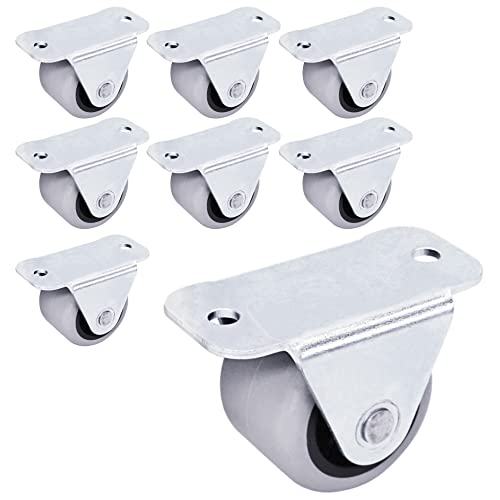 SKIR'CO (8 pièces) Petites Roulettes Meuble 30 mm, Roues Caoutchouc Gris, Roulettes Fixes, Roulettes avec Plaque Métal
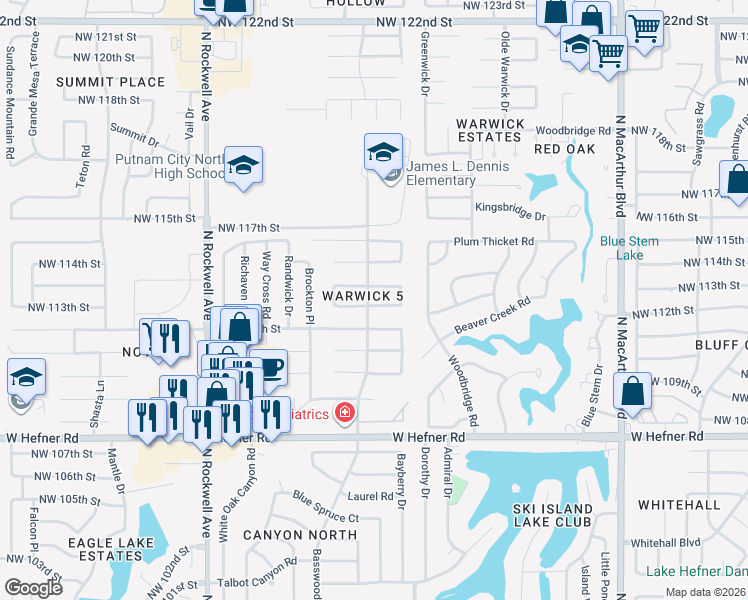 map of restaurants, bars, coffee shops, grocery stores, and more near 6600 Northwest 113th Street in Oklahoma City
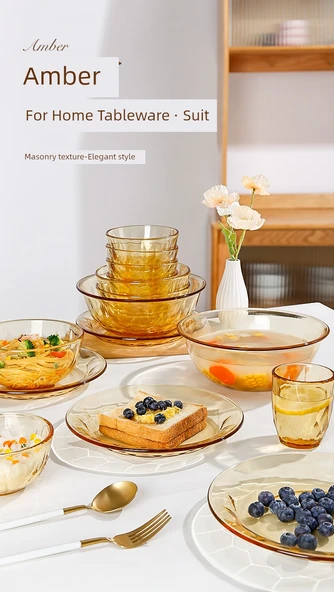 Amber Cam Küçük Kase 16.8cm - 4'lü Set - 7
==
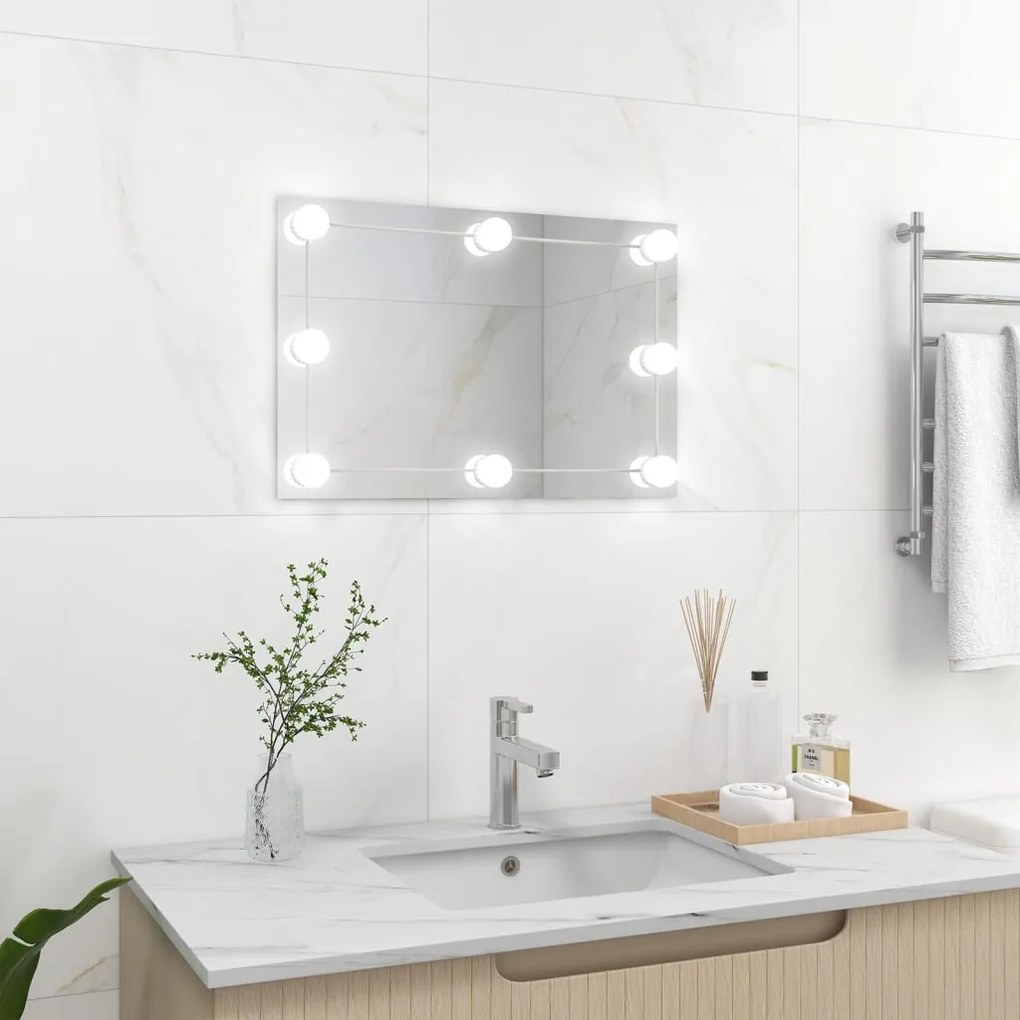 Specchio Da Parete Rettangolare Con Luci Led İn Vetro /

PROBLEM DETAILS:
Set down, exactly as written above, each line from the one with "SKIR'CO (8 pièces)" through the one with "Amber Cam Küçük Kase 16.8cm - 4'lü Set - 7", and skip the pictures.

PROBLEM SOLUTION:
 SKIR'CO (8 pièces) Petites Roulettes Meuble 30 mm, Roues Caoutchouc Gris, Roulettes Fixes, Roulettes avec Plaque Métal
 map of restaurants, bars, coffee shops, grocery stores, and more near 6600 Northwest 113th Street in Oklahoma City
 Amber Cam Küçük Kase 16.8cm - 4'lü Set - 7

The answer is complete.